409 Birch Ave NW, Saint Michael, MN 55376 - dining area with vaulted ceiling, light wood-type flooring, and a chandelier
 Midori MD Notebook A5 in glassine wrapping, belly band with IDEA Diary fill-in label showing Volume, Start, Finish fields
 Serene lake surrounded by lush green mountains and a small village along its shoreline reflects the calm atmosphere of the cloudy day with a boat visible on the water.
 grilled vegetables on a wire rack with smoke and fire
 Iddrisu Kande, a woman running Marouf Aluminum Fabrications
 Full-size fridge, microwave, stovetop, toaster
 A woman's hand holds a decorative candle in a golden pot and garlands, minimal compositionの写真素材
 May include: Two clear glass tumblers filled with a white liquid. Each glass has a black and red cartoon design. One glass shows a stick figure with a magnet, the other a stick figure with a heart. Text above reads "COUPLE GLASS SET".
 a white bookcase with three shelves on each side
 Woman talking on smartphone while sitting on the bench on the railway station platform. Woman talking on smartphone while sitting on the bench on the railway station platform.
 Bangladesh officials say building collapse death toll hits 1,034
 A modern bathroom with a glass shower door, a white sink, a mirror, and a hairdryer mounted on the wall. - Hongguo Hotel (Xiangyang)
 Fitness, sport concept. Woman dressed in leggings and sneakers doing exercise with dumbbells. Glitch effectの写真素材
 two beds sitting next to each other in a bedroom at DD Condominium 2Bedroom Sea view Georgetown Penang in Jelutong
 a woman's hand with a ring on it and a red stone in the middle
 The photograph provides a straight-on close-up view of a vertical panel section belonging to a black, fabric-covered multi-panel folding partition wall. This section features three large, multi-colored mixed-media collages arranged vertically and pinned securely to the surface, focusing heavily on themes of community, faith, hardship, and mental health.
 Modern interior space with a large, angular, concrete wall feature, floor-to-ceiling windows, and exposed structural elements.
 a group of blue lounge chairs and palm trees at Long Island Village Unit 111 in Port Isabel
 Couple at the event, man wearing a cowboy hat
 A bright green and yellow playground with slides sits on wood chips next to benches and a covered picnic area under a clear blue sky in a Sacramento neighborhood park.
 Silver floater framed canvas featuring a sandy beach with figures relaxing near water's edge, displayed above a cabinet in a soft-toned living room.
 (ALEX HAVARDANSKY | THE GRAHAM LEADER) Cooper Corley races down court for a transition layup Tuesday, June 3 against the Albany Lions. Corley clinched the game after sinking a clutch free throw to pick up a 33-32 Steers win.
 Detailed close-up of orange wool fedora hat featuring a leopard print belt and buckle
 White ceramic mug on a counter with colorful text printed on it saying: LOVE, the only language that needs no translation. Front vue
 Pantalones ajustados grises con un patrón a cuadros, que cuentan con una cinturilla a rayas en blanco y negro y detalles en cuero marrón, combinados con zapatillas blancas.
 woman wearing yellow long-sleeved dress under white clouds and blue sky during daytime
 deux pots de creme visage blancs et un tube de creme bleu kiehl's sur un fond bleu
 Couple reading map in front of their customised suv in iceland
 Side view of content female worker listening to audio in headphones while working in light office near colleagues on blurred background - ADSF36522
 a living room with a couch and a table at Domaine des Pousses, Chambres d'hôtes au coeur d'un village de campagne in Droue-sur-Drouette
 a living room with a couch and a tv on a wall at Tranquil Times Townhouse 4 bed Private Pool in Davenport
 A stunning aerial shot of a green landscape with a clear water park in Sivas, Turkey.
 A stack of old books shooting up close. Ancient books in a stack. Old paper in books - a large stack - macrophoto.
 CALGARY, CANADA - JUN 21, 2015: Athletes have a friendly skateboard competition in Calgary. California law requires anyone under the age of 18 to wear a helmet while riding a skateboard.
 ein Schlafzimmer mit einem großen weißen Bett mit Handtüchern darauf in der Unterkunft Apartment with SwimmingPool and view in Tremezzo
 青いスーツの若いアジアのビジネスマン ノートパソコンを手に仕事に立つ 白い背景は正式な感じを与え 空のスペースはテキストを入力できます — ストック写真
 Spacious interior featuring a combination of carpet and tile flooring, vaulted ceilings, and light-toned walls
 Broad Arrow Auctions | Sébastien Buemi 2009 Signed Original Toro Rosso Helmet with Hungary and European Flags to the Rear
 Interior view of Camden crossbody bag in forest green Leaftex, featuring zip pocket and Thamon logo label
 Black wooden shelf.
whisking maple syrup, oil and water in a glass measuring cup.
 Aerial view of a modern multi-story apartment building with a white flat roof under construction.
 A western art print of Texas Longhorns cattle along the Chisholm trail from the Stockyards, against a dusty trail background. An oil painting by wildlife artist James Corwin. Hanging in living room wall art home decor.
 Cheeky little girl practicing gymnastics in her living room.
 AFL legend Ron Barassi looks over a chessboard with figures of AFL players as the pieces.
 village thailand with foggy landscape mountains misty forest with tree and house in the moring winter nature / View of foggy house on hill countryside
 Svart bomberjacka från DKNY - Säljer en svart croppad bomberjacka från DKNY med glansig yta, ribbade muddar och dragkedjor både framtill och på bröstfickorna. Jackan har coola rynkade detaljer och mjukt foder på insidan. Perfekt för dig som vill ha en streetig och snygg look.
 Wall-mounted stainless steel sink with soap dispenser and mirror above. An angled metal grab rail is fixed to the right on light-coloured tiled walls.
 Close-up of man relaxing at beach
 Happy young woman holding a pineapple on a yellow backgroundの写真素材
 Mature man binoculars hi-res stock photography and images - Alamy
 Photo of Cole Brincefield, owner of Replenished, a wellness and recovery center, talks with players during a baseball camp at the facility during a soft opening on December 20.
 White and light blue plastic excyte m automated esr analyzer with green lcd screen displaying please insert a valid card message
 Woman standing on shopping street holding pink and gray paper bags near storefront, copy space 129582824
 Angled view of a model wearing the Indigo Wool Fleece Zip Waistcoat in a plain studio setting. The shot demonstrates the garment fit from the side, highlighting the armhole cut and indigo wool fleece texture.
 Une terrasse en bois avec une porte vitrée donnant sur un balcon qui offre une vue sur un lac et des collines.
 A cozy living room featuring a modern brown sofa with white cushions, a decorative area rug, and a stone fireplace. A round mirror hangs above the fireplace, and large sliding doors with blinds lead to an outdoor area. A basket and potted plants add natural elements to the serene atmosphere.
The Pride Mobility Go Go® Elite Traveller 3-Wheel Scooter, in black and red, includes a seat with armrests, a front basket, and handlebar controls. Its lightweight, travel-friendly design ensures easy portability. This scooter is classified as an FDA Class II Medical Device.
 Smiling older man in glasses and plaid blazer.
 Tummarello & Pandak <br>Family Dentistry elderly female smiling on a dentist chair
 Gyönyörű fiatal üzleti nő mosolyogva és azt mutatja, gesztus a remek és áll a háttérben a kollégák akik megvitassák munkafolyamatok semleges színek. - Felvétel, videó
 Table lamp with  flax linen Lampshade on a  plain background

§ §

## [Activity]
From the records above, repeat exactly the lines from the one with "Mature man binoculars" through the one with "Angled view of", both included.

## [Exercise response]
 Mature man binoculars hi-res stock photography and images - Alamy
 Photo of Cole Brincefield, owner of Replenished, a wellness and recovery center, talks with players during a baseball camp at the facility during a soft opening on December 20.
 White and light blue plastic excyte m automated esr analyzer with green lcd screen displaying please insert a valid card message
 Woman standing on shopping street holding pink and gray paper bags near storefront, copy space 129582824
 Angled view of a model wearing the Indigo Wool Fleece Zip Waistcoat in a plain studio setting. The shot demonstrates the garment fit from the side, highlighting the armhole cut and indigo wool fleece texture.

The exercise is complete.